Consultants tend not to ask this because it is a very challenging question, an open question with no easy answers, that hands the onus of action and responsibility to the client, and therefore tends to make them alarmed or cross (and often both). And anything that makes a client alarmed or cross is generally not great for ongoing business.

Both client and consultant are right to be wary of tackling that conversation. ‘Doing something’ about a problem tends to be messy and stressful, given that it is likely to be a mix of uncomfortable truths, confrontations and changes – and normal people really do not like change.

Tackling problems head-on is usually about telling people why they are doing their jobs badly, or why their teams are malfunctioning, or why they need to keep changing. They are about to lose their footing, their understanding of how their world of work is constructed, and the certainty that they are doing a good job.
As with any situation of loss, they tend to go through various stages of reaction – denial (“this is rubbish, your data is wrong”), anger (“you’re picking on me, trying to undermine me”), bargaining (“I can change my behaviours”), depression (“I think I’d be better off resigning”) and (you hope) acceptance (“OK, let’s get on with it”).

No one is perfect, least of all consultants, and I would never try to argue differently. It’s always easier to see the faults in someone else’s business. All I can say is that consultants willing to stick their necks out must equally have a robust group around them to say when it’s time to wind that same neck in. I like to think we have people that keep me honest.

However, most people are unlikely to have the skills to take people through these difficult stages safely and successfully – even those in HR functions. But the same applies to many consultants, who have become consultants via other routes than occupational psychology. As I discuss in my next blog, the basic model of big consultancy isn’t always best placed to get to the root of problems caused by a tentative HRD or a narcissistic CEO – quite the opposite: they feed off it.

So that’s why most consultants don’t ask the question, and why most clients don’t want to be asked the question. And that’s why lots of excellent consultancy reports end up parked in a drawer somewhere in HR, becoming less and less useful as the passing months and years erode their accuracy and relevance because business contexts evolve, people leave, teams change, and priorities shift all the time.

And, above all, that’s why failing to ask the question means that the problem is unlikely to go away.
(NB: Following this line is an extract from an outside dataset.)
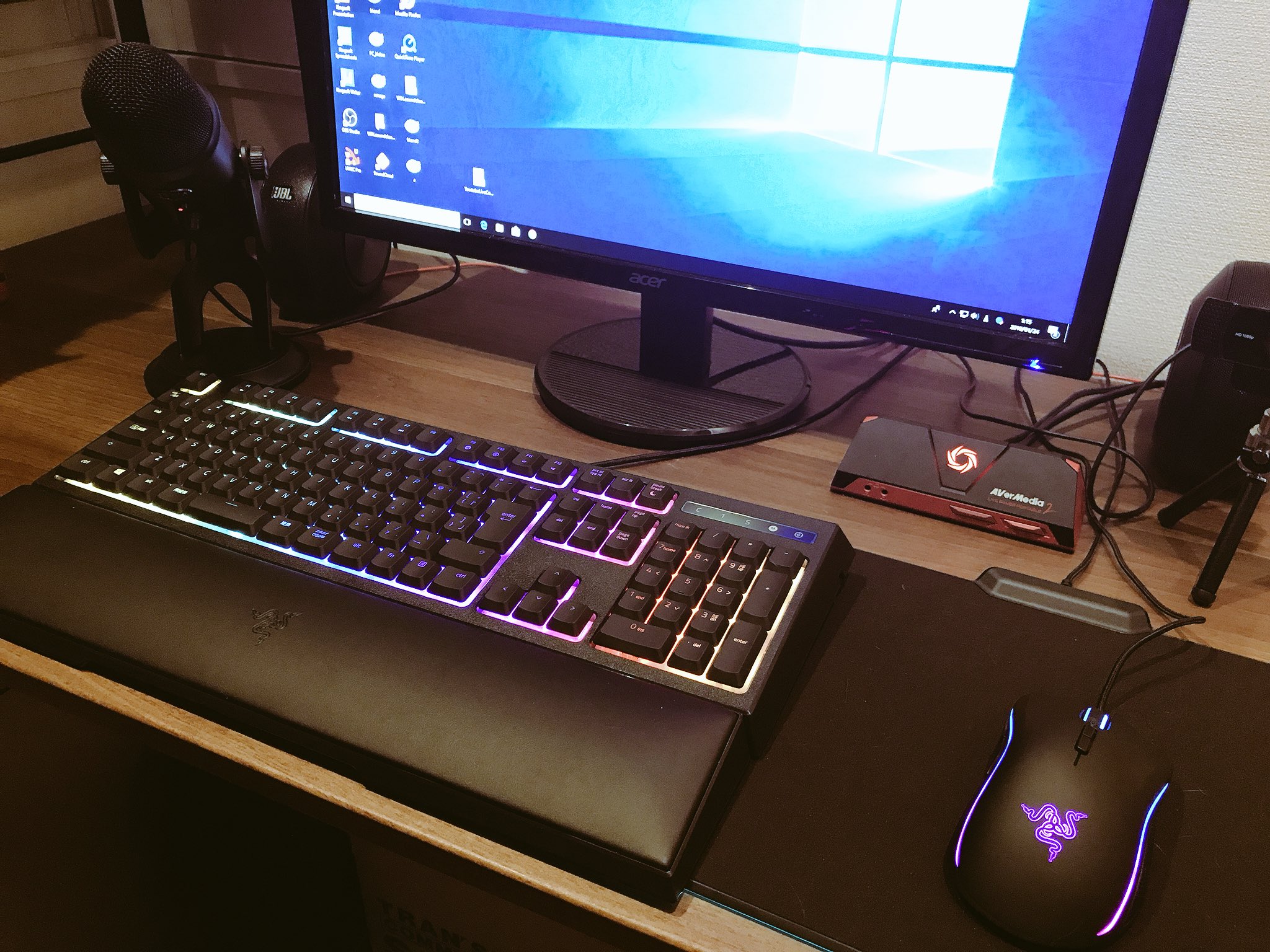 Ryster キーボード マウス マウスパッドをrazerにしてみた めっちゃかっこいい T Co Xejqscanst Twitter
What can the client really do with the report, except fiddle at the margins, or set up some new processes that don’t really get to the root of the issue?

At Indigogold, we always ask that question if we think it needs to be answered. The client may well consider that we’re being unreasonable by not just handing them a report and leaving the room, but we regard this as appropriate unreasonableness given that the question is designed to make the client face up to the challenge of putting things right. And, of course, we ask the question because we know what needs to be done, and have the skills and experience to support the client through the difficult days to come.